▶ **To do**
Search the records below for the word "Green". Copy each line where it occurs.

(Data entries)
_ _ _ _ _

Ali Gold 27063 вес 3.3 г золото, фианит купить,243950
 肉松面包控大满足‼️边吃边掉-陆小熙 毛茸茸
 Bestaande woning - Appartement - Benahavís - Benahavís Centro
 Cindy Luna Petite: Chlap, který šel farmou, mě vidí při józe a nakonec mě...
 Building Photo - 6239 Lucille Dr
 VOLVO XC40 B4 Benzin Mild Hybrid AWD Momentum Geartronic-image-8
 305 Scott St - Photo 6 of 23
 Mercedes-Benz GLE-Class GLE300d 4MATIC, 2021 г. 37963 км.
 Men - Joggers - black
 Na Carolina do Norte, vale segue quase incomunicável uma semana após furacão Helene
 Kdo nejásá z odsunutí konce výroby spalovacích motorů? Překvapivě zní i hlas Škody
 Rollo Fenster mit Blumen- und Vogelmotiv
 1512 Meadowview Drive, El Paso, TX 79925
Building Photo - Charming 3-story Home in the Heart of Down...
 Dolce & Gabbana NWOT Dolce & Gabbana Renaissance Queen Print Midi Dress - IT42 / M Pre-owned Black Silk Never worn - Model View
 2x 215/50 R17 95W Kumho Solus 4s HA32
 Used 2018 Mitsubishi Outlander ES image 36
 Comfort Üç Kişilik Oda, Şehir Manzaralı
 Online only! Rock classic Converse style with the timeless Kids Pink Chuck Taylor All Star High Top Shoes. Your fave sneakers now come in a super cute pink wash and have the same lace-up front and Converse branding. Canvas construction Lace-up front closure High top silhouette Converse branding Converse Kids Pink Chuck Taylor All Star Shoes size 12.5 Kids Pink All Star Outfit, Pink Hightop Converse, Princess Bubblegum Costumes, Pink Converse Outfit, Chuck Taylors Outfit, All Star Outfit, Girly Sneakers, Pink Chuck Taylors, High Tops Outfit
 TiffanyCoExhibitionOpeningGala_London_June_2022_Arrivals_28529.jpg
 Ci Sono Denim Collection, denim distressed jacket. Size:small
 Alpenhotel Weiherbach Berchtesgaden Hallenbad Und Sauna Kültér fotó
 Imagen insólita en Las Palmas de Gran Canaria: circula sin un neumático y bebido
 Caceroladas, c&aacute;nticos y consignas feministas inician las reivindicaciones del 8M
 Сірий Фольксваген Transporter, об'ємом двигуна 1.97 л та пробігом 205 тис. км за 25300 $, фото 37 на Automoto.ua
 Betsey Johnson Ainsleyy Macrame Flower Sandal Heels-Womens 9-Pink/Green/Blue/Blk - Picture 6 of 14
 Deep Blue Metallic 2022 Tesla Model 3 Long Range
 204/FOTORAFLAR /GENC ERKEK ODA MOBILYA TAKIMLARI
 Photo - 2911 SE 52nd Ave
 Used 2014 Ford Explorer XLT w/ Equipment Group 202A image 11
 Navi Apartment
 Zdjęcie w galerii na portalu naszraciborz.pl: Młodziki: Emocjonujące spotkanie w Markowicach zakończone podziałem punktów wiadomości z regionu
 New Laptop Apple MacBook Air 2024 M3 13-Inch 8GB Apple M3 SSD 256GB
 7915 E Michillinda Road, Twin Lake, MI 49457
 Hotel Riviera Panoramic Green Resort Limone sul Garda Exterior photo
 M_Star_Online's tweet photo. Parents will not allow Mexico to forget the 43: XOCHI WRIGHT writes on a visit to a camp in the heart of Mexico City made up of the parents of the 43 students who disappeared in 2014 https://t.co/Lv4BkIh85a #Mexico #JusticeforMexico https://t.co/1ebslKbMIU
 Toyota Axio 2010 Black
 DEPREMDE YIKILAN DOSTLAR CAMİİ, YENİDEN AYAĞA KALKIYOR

_ _ _ _ _

▶ **Solved exercise**
 Betsey Johnson Ainsleyy Macrame Flower Sandal Heels-Womens 9-Pink/Green/Blue/Blk - Picture 6 of 14
 Hotel Riviera Panoramic Green Resort Limone sul Garda Exterior photo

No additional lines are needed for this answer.